That's nice, very rah rah. However most of the world sees the USA as economically dysfunctional. Thirty five million low paid jobs, all subsidized by the American nanny state. The place has got some problems. This idear that immigration is it's birthright is misplaced.
Kjorteo
Forum Junkie
Posts: 637
Posted: Fri Jul 16, 2010 2:30 am
Pseudonym wrote:
I don't think anyone is going to trust the government to enact good immigration reform until the feds get the southern border secure. There has been some minor progress on that front, but not nearly enough.
No, actually, I see the problem the exact other way around.
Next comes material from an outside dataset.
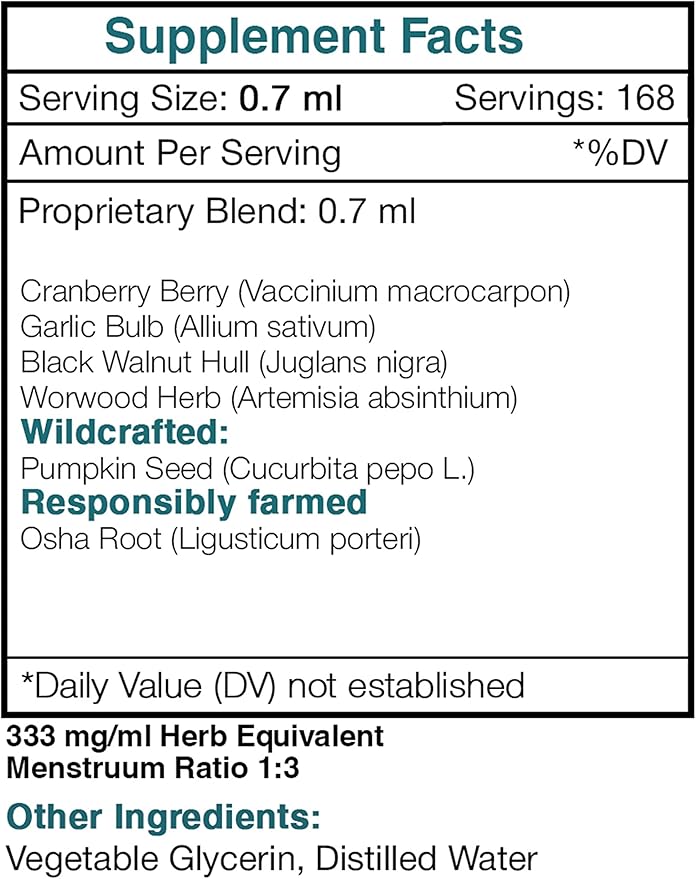 Secrets of the Tribe Tribal Parasite Alcohol-Free Extract, High-Potency Herbal Drops, Tincture Made from Cranberry, Garlic, Black Walnut, OSHA, Wormwood, Pumpkin. Intestinal Purge Formula 4 oz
Try as I might--and I honestly try every time the debate comes up just because it's so ostensibly important--I just can't force myself to care about illegal immigration until legal immigration is fixed. When getting in legally takes 15 years to never, I suddenly have a lot more sympathy for people who consider the alternate solutions. (Basically everything Psudo said except his point #4, just because that seems to fall into the more liberal vs. conservative views on taxes vs. social services, etc.) And I live in New Mexico, a border state.
If you absolutely must focus on the people who break the rules rather than the fact that the rules themselves are an unmanageable mess, andyt at least has a better solution than the "build a fence and post armed guards" crowd, which is honestly more about winning the "voters who hate brown people" demographic than actually finding a solution to a problem anyway. (Fun fact: the portion of illegal immigrants who get here by boldly sneaking across the border El Norte-style is almost comically small compared to the vast majority of people who got here via a legal-at-the-time temporary measure, such as a work visa, then let it lapse. The gesture of making tough, bold calls for border security is about as meaningful as those pretty not-a-campaign-speech-I-swear speeches you hear during any given Supreme Court nominee's confirmation hearing.)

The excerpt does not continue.